But there is a bright side in the turn my daily routine has taken. As my body begins to fail me my mind, or at least my perception of it, is reaching new heights. Almost on a daily bases I have an experience that triggers a recollection, that triggers a comparison that, in turn, triggers a conclusion. If, in retrospect, I can go back and tie a few of these happenings and concepts together in a logical and cognitive narrative–I might be able to put something in writing that, although proving painfully unreadable, could baffle psychiatrists for years to come.
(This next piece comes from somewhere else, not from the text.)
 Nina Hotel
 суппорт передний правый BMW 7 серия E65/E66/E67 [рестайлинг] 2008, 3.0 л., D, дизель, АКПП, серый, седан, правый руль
Let’s start with last week when I stumbled on a National Geographic TV documentary … Wild Scotland. While being entertained, I learned that Reindeer are a polygynous specie. This means that male reproductive success is directly correlated with the dominance status of individual males (in school-yard parlance, this equates to: “the class bully gets dibs on screwing all the chicks”). I also learned that Reindeer are unique in that both males and females grow horns. Males, as could be expected, use theirs to fight each other to compete for mating rights but no explanation was offered to explain why the ladies were so endowed. It was also very interesting that, almost as an afterthought, we were told that the bulls would shed their huge racks in a molting process each year after mating but that females never lose theirs.
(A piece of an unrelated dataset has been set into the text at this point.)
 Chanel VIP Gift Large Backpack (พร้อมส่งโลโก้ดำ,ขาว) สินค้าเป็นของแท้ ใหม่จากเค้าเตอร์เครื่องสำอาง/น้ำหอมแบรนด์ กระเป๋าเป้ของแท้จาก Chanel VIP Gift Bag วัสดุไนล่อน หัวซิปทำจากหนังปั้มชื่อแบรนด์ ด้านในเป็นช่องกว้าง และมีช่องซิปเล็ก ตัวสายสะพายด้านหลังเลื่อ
stud                           book

In the late 1960’s I read a book entitled The Naked Ape authored by a zoologist named Desmond Morris. It was from this book that I extracted an evolutionary proposition and embraced it as a life-long fundamental truth. I did so by accepting the fact that man, like most animals, has evolved … and simultaneously agreeing with the author in concluding that this human evolution has not achieved the same results in both men and women. With this as my justification–I openly opine:

When even the most dominate and testosterone laden of pre-historic men realized that the dangerous task of tracking and killing large mammals for food required the banding together with other men, all armed with spears and clubs … he would soon come to the realization that it probably would not be a good idea to have regularly shared his bed with one of their women, much less–all of their women. This practice of unspoken reliance and loyalty in primitive bands of hunters is evident today in the way men feel about the guy next to them on the football line of scrimmage, in a hazardous workplace, or in a foxhole. With a few unfortunate exceptions … if you count on him, if you respect him, or if for any reason he is charged with having your back–you don’t mess around with her!
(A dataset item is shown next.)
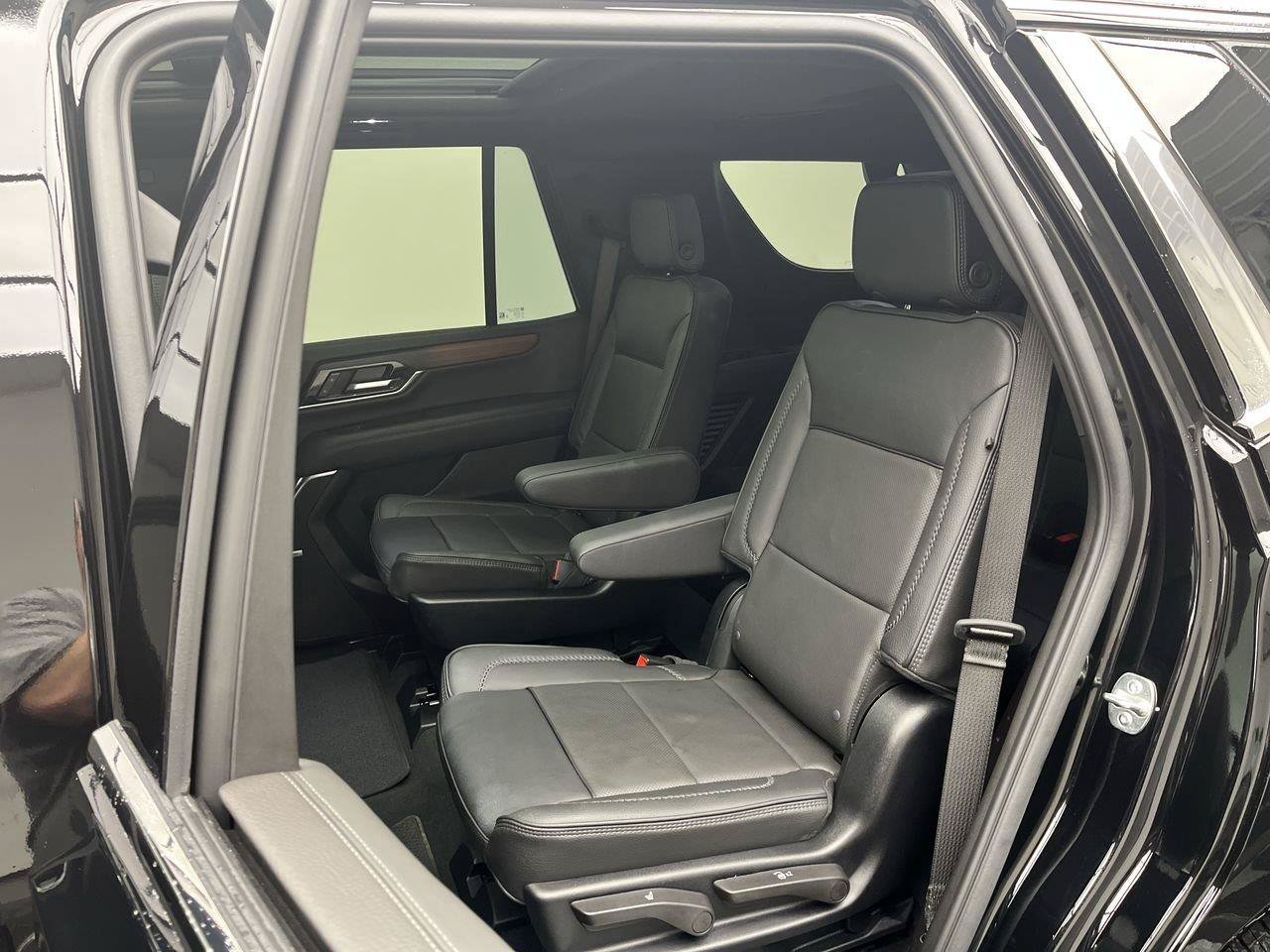 Certified 2025 GMC Yukon Denali w/ Sun & Power Step Package AWD/4WD image 13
Meanwhile, back in the cave: to quote an old acquaintance … “women can be treacherous”. Realizing that the father of her children and the man she is counting on to bring home food and animal skins might not return from hunting the woolly mammoth and saber-toothed tiger, the female of the specie was evolving with a different mind-set and priorities. Female humans, as with most primate species, need many resources to support their maternal fulfillment. Primate offspring are altricial rather than precocial. They are born helpless and are dependent on their mothers for several years. This being the case, the pre-historic woman lived in constant fear of the possibility of the death of her man. The hardship that would follow could lead to neglect, exile, and even starvation for her and her young ones.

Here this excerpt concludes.